From the FT's Lex blog



Incoming McDonald's chief executive Don Thompson has a supersized problem: the burger chain has few obvious problems.

As he takes over from Jim Skinner, who announced his retirement on Thursday, he knows the shoes will be tough to fill. Since Mr. Skinner became the boss in 2004, McDonald's has returned almost 300 per cent, eight times the return of the S&P 500. Taking the helm after losing two CEOs in seven months, Mr. Skinner inherited a company recovering from falling earnings early last decade.

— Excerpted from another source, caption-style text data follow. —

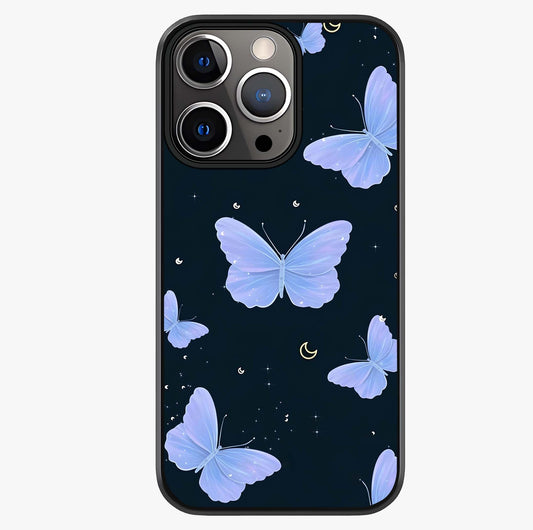 Butterfly With Stars Pattern Glass Case showing full back design in clean flat view with glossy glass finish.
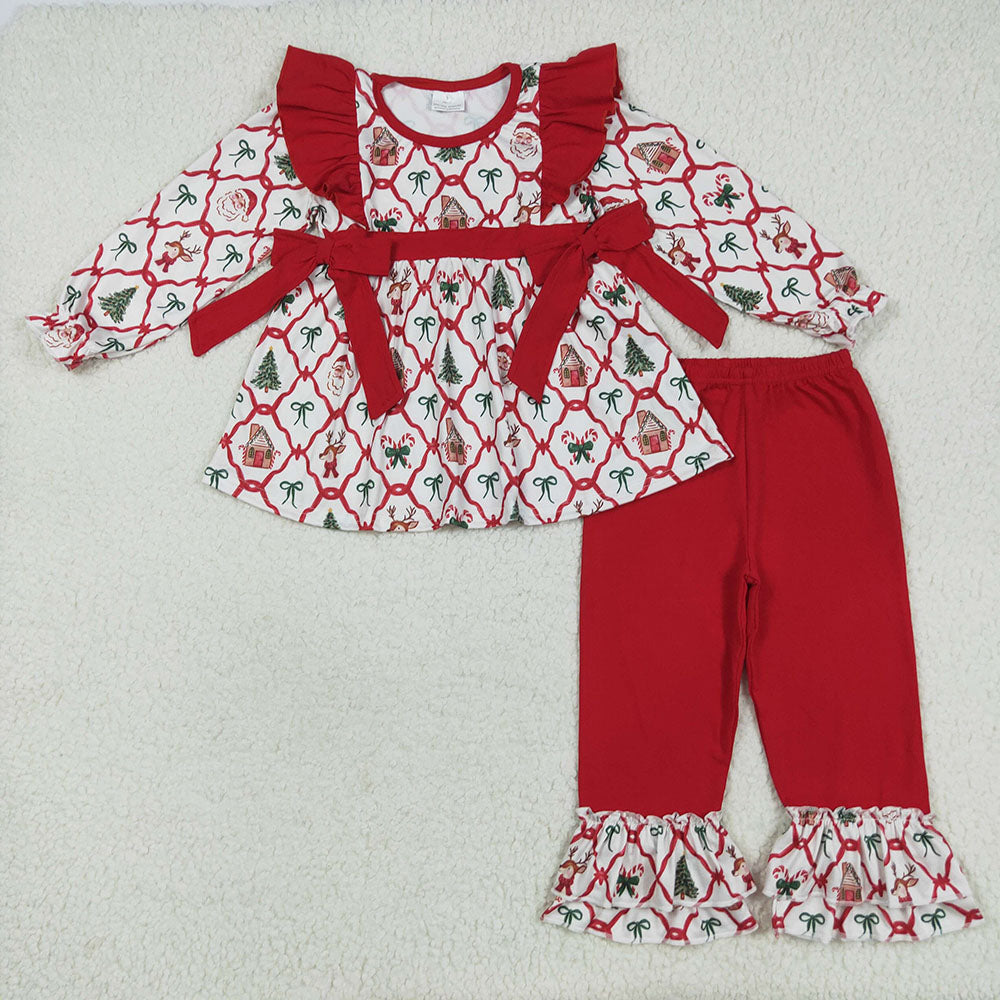GLP2525 Santa Candy Cane Bows Tunic Top Red Pants Girls Christmas Clothes Set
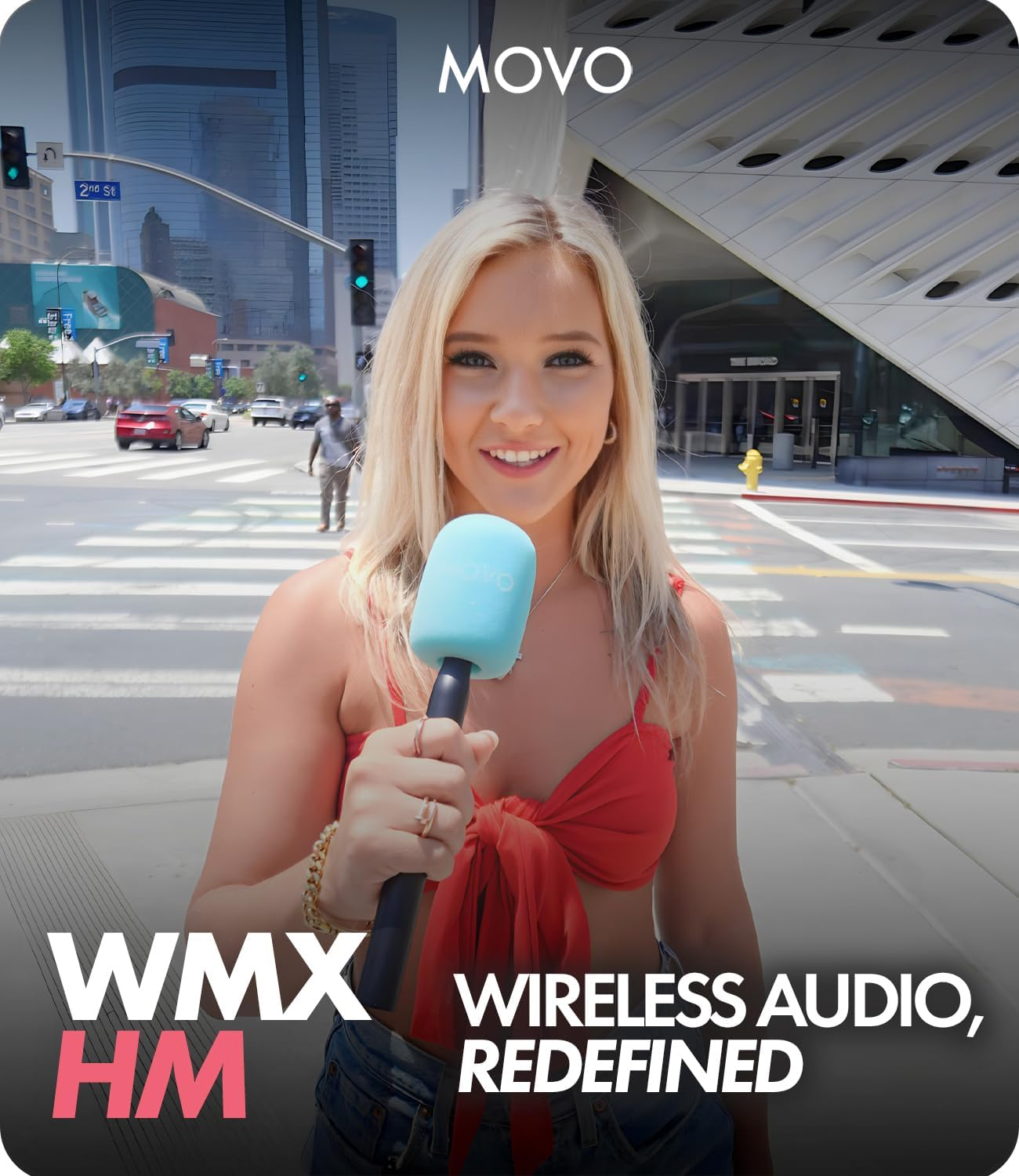 Movo WMX-HM Wireless Interview Microphone Adapter - Compatible with DJI Mic, Rode Wireless GO, Hollyland Lark, and More - Works with Wireless Mini and WMX-2 Systems - Handheld Mic Mount image number 5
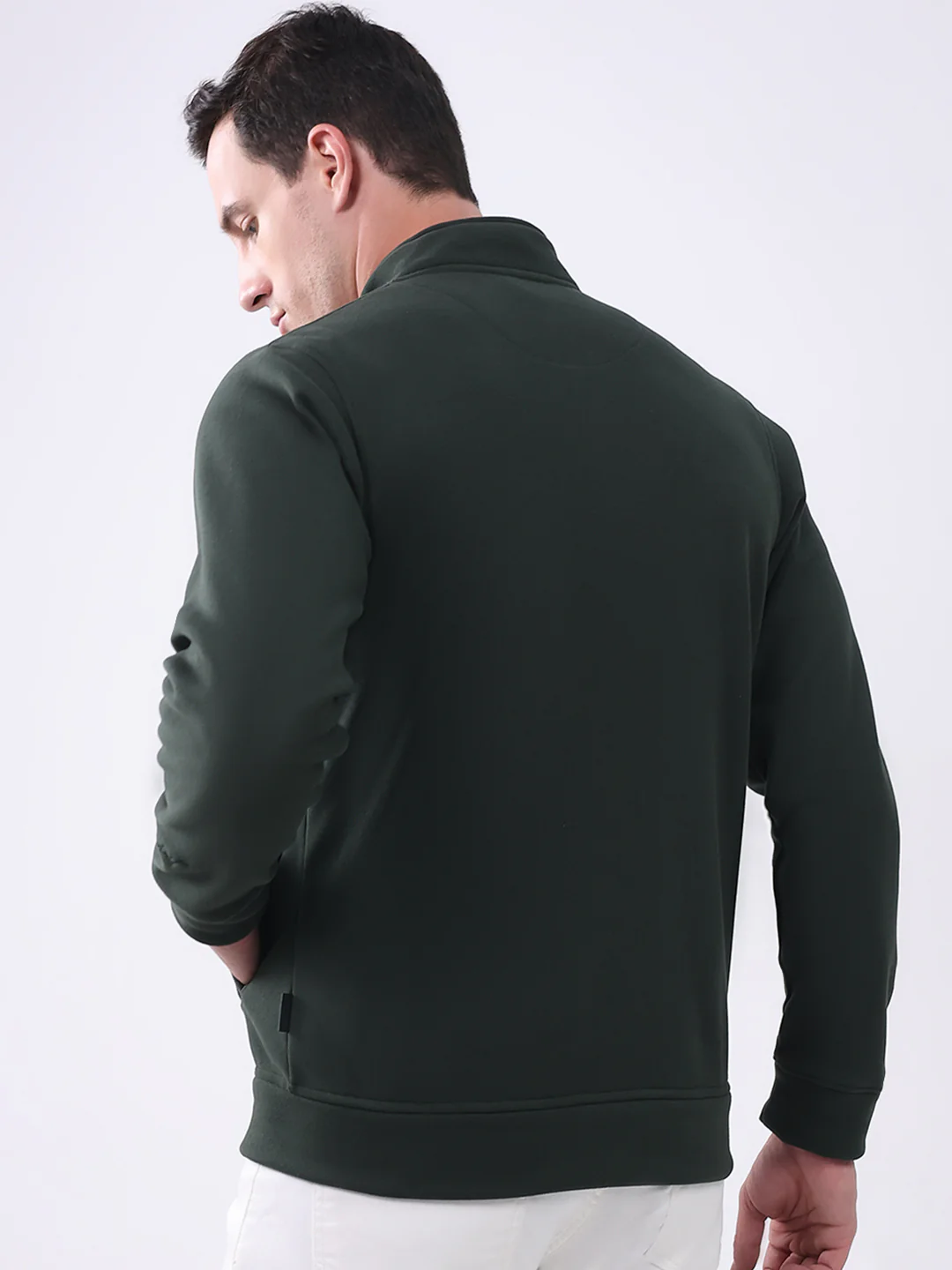 Rock.it Men Olive Solid Mock Neck Full Sleeve Sweatshirt - Image 5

So with no crises or significant operational problems to fix, Mr. Thompson, a 22-year veteran of the company, has to find a creative way to maintain McDonald's stellar performance. One way is further international expansion. Despite owning one of world's most recognized and powerful brands, McDonald's still generates more than one-third of its revenues, and almost half its profits, from the United States. Mr. Skinner was reserved about diversification. In the five years before he took over, the company's overseas assets grew at a compound annual rate of almost 7 per cent. During his tenure, this rate almost halved. Accordingly, the CAGR of international revenues, which was previously about 8 per cent, dropped by about one-fifth. At home, however, growth in assets and revenues remained constant.



McDonald's has already said that it is in expansion mode. This year it plans to spend $2.9-billion and open 1,300 new stores. By comparison, it has added only about 3,000 net new sites in the past decade.



Inheriting a well-run and successful company can be as much a curse as it is a blessing. Mr. Thompson is fortunate that there is a clear way for him to expand further. And as McDonald's last year turned 130 per cent of its net profit into operating cash flow, he is lucky that he can afford to do so.